Take the crescent rolls and open them. Take two triangles and press them in a muffin tin. Add 2 spoonfuls of the veggie/egg/sausage mixture, add the salsa on top, if using. Close up the roll and repeat 12 times. Brush with one egg white and bake for 12 min at 375 until golden brown. You can wrap them individually in plastic wrap, keep in the freezer, and microwave as needed

Protein Toast

Ezekiel Bread

Almond Butter

1 banana

Toast one piece of Ezekiel bread. Spread with almond butter and 1 banana. You can add chia seeds, if you want.

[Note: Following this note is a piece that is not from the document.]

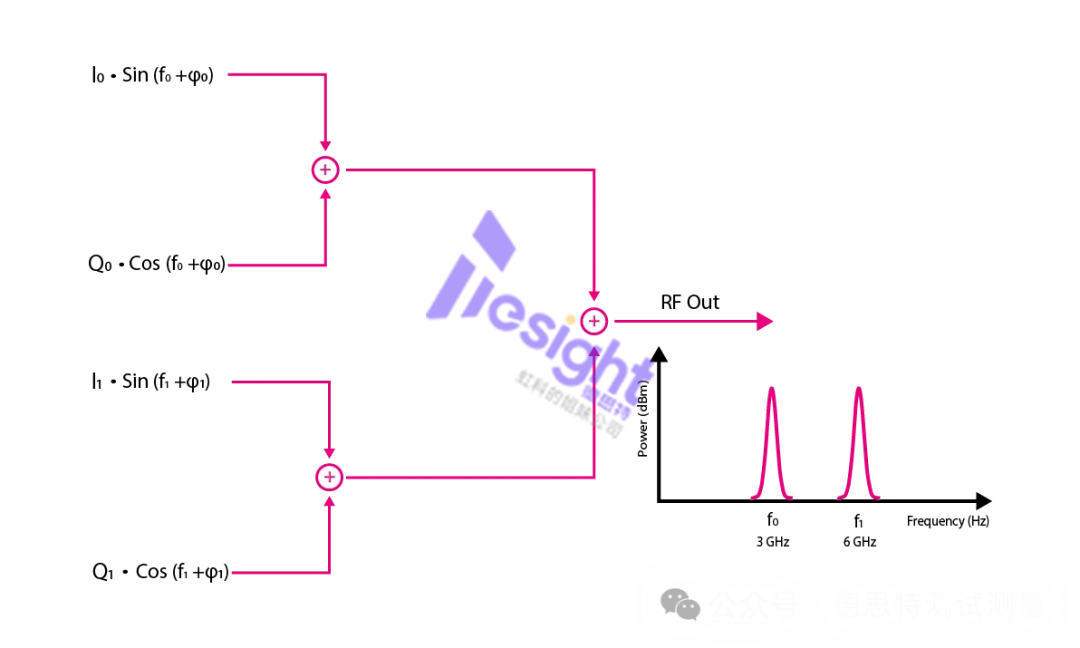 wKgZPGgsMlaANy-6AAE4a5_-l48623.png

Mixed Berry Protein Smoothie

1 c frozen cherries

1 c frozen mixed berries

½ c rolled oats

1 tsp vanilla

½ c nut butter (almond, etc)

1 ½ c Almond Milk

Blend smoothie together. You can put together some smoothie bags ahead of time so all you have to do is empty the smoothie into the blender and add your liquid.

 

Tropical Smoothie

1 c frozen tropical fruit blend

1 c frozen peaches

1 c spinach

2 t unsweetened shredded coconut

1 t chia seeds

8 oz coconut water

Ice (optional)

Mix ingredients together. Top with some unsweetened coconut. You can put together some smoothie bags ahead of time so all you have to do is empty the smoothie into the blender and add your liquid.

 

Overnight Oats

Fill a mason jar with the following:

½ c rolled oats

1 c almond milk

2 tsp chia seeds

1 t almond butter

1 t cinnamon

Put lid on the jar, shake, and place in the fridge overnight. Take out in the morning, top with fruit, and enjoy

 

Egg Frittata

6 eggs, beated

⅓ c milk

Vegetables you have in the fridge (we like sweet potatoes and goat cheese // ham, spinach, and cheese// red peppers and bacon// but use whatever you have!)

Salt and pepper

Preheat oven to Broil

Whisk together eggs, milks, salt and pepper. Set aside. In an ovenproof nonstick skillet add your veggies, saute for a few minutes until softened. Reduce skillet to medium heat. Pour egg mixture into pan, let cook for 2-3 min. Transfer to oven and let broil for 3-5 minutes, until the top is slightly brown. This saves well in the fridge for all week!